→ **Your assignment**: In the entries that follow, repeat exactly the lines from the one that has "Schafsstall in der" through the one that has "طبیعت کردستان", but omit pictures.

→ **Excerpted records**:
───

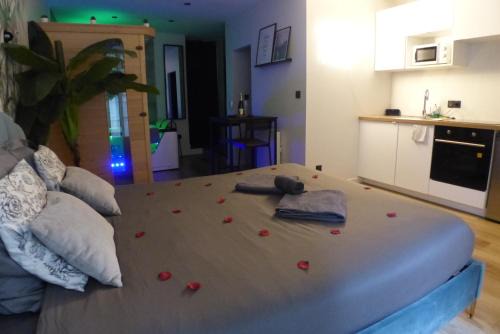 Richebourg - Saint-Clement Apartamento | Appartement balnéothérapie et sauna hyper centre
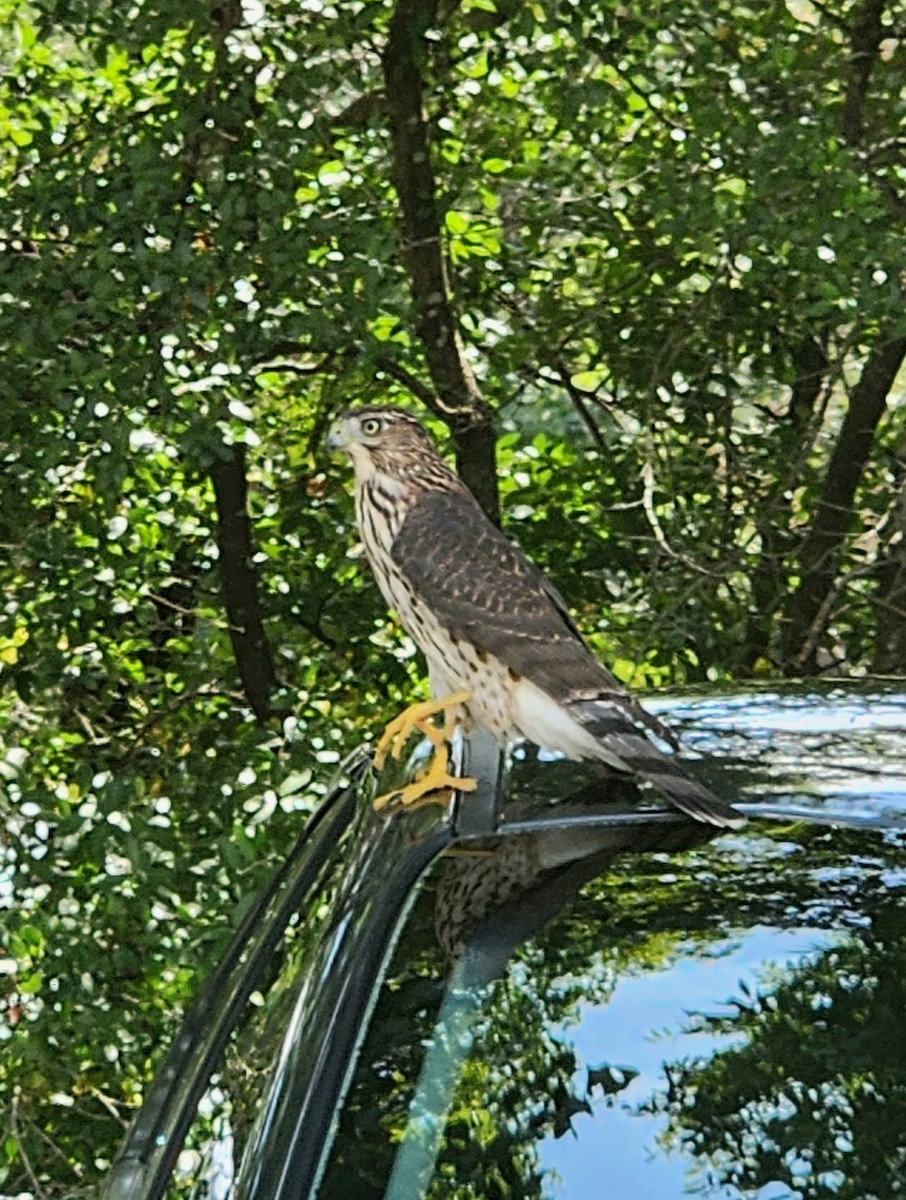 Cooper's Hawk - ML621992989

───

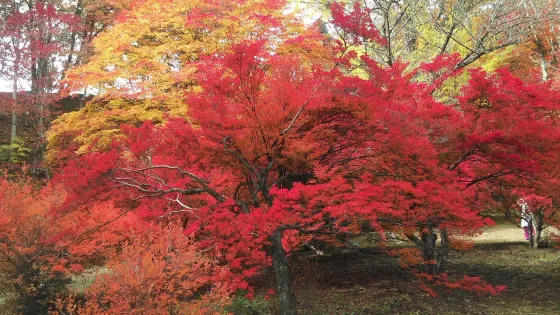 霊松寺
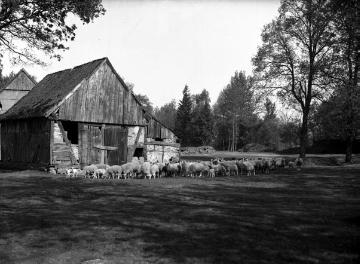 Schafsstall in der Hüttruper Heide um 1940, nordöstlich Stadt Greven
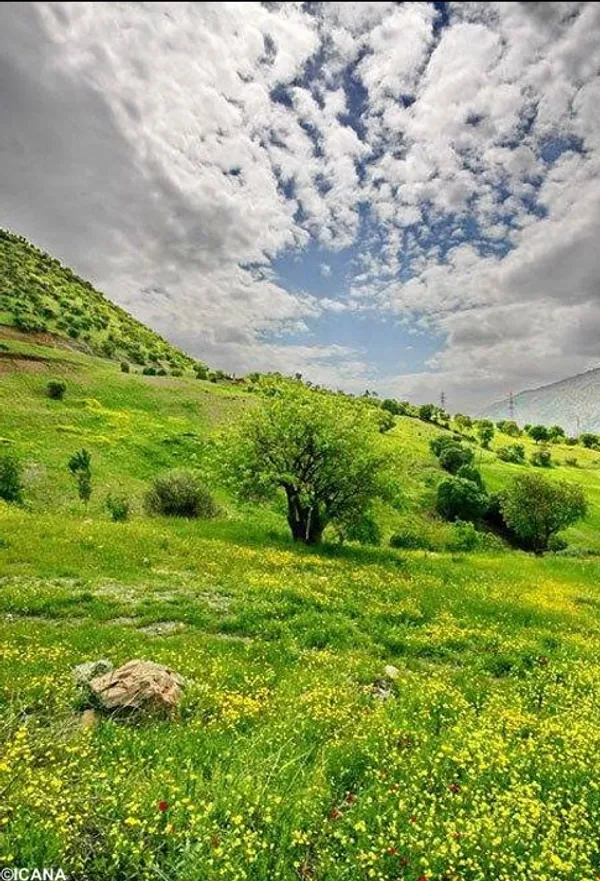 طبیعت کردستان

───

→ **Response**:
 Schafsstall in der Hüttruper Heide um 1940, nordöstlich Stadt Greven
 طبیعت کردستان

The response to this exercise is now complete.